Une banderole, quelques mots, un symbole. Et la colère du maire de Montpellier. Samedi, lors d’une manifestation hebdomadaire de soutien au peuple palestinien, le mouvement BDS (Boycott Désinvestissement Sanctions) a franchi une ligne rouge en associant le nom de Michaël Delafosse à celui des SS, l’ancienne branche armée du régime nazi. Sur la place de la Comédie, au cœur de la ville, des militants ont déployé une inscription accusant Israël de génocide et désignant l’élu comme « complice », le tout illustré par le sigle nazi. Face à cette mise en cause qu’il juge ignoble, l’édile socialiste a annoncé qu’il allait porter plainte.

Quand la lutte déborde dans l’infamie

« Qu’Israël soit comparé aux bourreaux des juifs d’Europe est une infamie », a réagi Michaël Delafosse sur le réseau social X. « Associer mon nom aux responsables de la Shoah est une outrance qui ne me fera jamais dévier », a-t-il poursuivi, dénonçant le climat délétère que cette frange radicale du militantisme pro-palestinien contribue selon lui à propager. Le préfet de l’Hérault, François-Xavier Lauch, lui a immédiatement apporté son soutien en dénonçant une pratique persistante du mouvement BDS malgré ses engagements à ne pas sombrer dans l’antisémitisme. Le représentant de l’État a indiqué qu’il prendrait « toutes les mesures qui s’imposent » dans le cadre de ses prérogatives.
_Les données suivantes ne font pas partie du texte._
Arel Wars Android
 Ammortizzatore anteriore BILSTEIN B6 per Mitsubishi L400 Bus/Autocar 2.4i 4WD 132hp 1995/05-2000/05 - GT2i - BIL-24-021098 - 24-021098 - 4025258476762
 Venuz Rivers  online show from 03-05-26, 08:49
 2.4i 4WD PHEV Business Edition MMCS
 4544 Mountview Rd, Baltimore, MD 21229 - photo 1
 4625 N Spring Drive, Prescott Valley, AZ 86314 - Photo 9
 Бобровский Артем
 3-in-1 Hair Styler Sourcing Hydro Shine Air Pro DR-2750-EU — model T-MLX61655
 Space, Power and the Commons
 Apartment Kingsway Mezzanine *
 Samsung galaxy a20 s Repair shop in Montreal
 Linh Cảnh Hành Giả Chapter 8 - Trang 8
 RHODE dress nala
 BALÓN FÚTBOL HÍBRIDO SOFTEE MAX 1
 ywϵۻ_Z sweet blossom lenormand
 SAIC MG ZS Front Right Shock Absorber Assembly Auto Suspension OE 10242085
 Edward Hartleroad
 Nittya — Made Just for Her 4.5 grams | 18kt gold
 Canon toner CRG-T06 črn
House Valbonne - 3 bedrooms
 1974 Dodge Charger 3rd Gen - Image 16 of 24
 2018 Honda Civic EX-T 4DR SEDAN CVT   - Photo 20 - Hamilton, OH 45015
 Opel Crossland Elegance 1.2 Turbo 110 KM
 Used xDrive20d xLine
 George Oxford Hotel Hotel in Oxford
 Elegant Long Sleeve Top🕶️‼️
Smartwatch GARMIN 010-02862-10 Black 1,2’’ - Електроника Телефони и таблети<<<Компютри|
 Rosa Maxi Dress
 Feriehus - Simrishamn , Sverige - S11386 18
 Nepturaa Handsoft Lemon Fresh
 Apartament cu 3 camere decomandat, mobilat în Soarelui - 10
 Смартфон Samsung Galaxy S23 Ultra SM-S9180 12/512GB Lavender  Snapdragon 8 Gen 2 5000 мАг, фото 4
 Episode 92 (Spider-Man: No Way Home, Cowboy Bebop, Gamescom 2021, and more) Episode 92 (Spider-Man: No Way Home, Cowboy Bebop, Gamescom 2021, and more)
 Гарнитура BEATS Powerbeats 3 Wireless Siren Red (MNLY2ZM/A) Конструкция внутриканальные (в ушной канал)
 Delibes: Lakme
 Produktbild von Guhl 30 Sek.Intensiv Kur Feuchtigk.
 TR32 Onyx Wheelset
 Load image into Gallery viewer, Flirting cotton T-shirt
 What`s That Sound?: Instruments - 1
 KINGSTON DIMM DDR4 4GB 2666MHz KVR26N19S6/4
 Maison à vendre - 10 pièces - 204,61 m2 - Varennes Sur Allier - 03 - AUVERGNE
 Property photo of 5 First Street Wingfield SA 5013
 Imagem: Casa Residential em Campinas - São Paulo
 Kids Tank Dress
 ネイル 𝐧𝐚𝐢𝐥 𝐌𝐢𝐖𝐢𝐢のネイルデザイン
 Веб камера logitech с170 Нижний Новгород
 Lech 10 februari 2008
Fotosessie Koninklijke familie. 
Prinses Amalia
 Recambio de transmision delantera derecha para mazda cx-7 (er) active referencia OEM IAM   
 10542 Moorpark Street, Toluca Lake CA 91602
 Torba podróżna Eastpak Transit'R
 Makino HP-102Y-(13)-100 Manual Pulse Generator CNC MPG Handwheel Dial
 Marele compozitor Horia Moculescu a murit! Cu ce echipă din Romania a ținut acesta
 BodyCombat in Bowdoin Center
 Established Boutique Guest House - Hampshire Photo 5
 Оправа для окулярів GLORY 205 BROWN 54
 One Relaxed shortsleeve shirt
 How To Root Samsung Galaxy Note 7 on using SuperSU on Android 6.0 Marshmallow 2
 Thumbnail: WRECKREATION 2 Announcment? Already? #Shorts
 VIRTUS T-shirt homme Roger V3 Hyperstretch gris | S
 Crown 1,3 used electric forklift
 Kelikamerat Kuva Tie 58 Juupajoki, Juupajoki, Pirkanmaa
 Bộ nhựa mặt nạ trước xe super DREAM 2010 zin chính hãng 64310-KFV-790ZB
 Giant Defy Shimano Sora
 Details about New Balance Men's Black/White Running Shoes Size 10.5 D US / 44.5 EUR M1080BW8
Même tonalité du côté de la ministre Patricia Mirallès, également montpelliéraine, qui a dénoncé une « abjection » et assuré que « la République tient bon » face à de tels agissements.

BDS garde le silence, la République contre-attaque

À ce stade, le leader local du BDS, José-Luis Moragues, a refusé de commenter les faits. Mais le silence ne suffira peut-être pas à désamorcer l’indignation. En affichant un symbole nazi dans une manifestation publique, même dans un but de dénonciation politique, les militants s’exposent à des poursuites judiciaires. Pour Michaël Delafosse, le geste dépasse la simple provocation : il s’agit d’une attaque contre les principes mêmes de la République. Une ligne de fracture se dessine donc à Montpellier, où le soutien à une cause ne saurait justifier l’usage des symboles de la barbarie.